# ASSIGNMENT
Send back the line that contains "Clothing brooch with" and all lines following it through the end of the data below, exactly, omitting pictures.
[[ DATA TO PROCESS open ]]
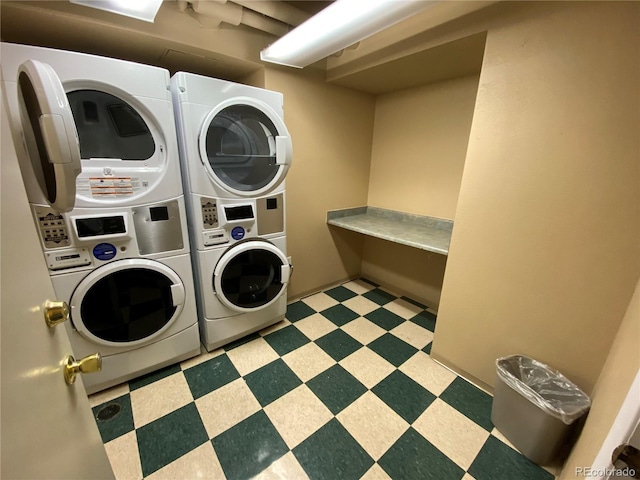 444 17th St Unit 508, Denver, CO 80202 - shared laundry room featuring stacked washing machine and dryer, separate washer and dryer, and tile patterned floors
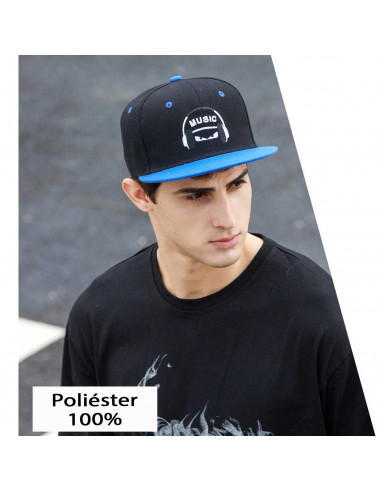 Tradineur - Gorra de béisbol ancha "Music" para hombre con ajuste posterior a presión, 100% poliéster, accesorio sport, skate, t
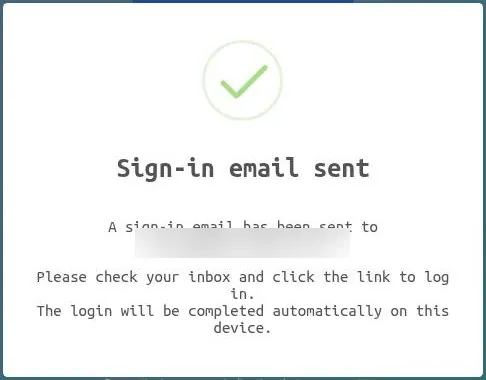 Muah AI confirmation that a sign-in link was e-mailed, address hidden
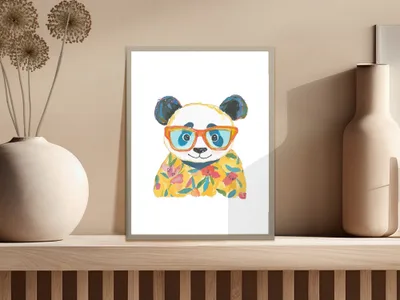 SVG Preppy Panda Clipart, Kawaii Panda PNG, Bright Aesthetic Graphic, Retro Y2k Design, Colorful Sticker Design, Printable Sticker File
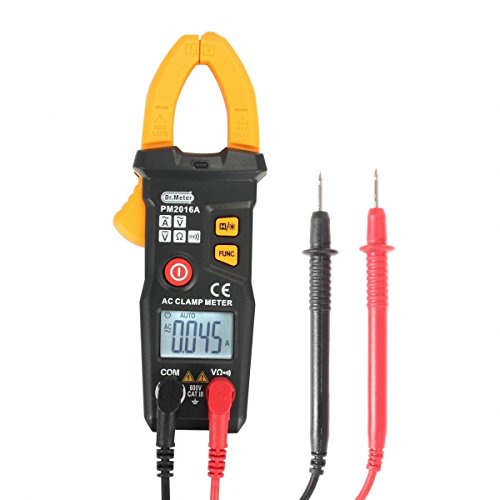 Dr.meter Mini Digital Klammer Multimeter PM2016A mit Hintergrundbeleuchtung & Auto off,6000 counts,Gelb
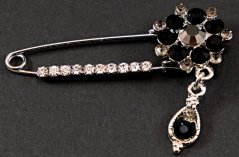 Clothing brooch with black crystal - black, silver - size 5.5 cm x 4 cm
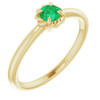 Yellow Gold Ring 14 Karat Lab Grown Emerald Solitaire Rope Ring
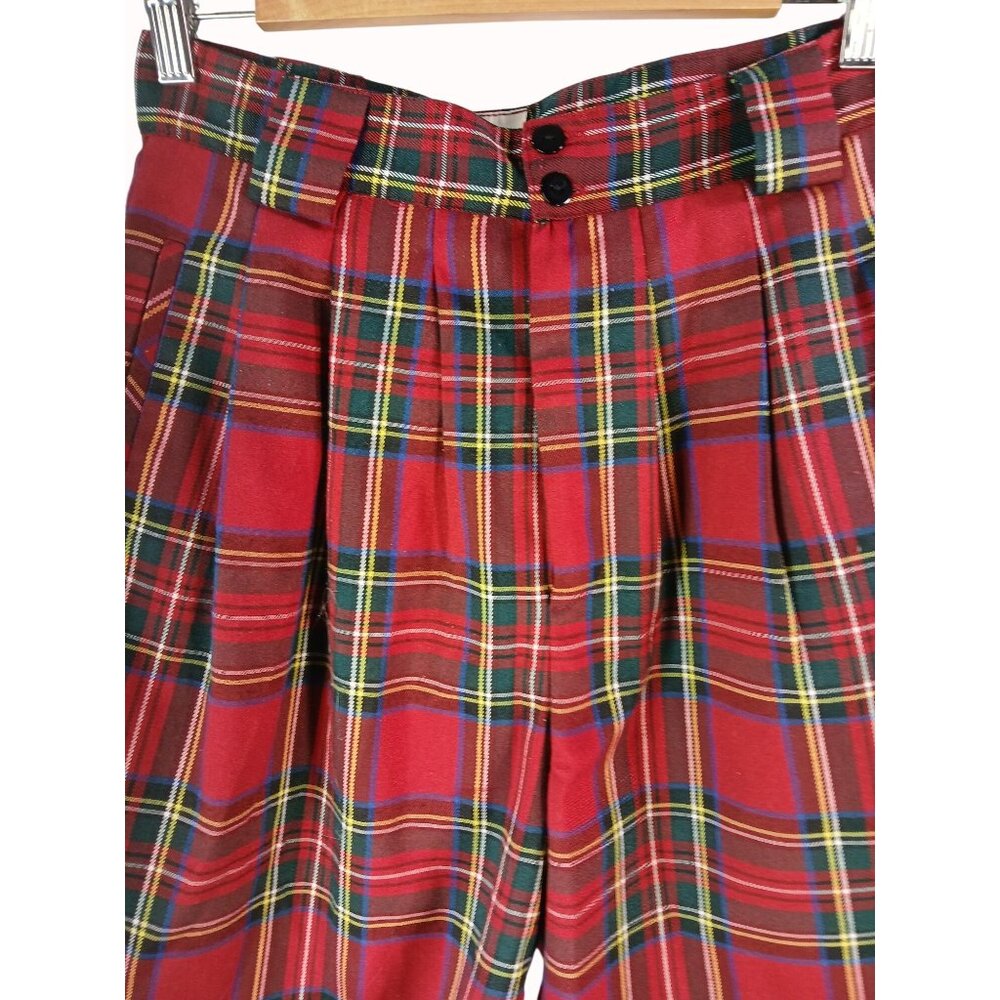 Vintage Bean Dog Red Tartan Plaid High Waisted Pleated Shorts M Womens School - Picture 2 of 8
[[ DATA TO PROCESS closed ]]
# TASK RESULT
 Clothing brooch with black crystal - black, silver - size 5.5 cm x 4 cm
 Yellow Gold Ring 14 Karat Lab Grown Emerald Solitaire Rope Ring
 Vintage Bean Dog Red Tartan Plaid High Waisted Pleated Shorts M Womens School - Picture 2 of 8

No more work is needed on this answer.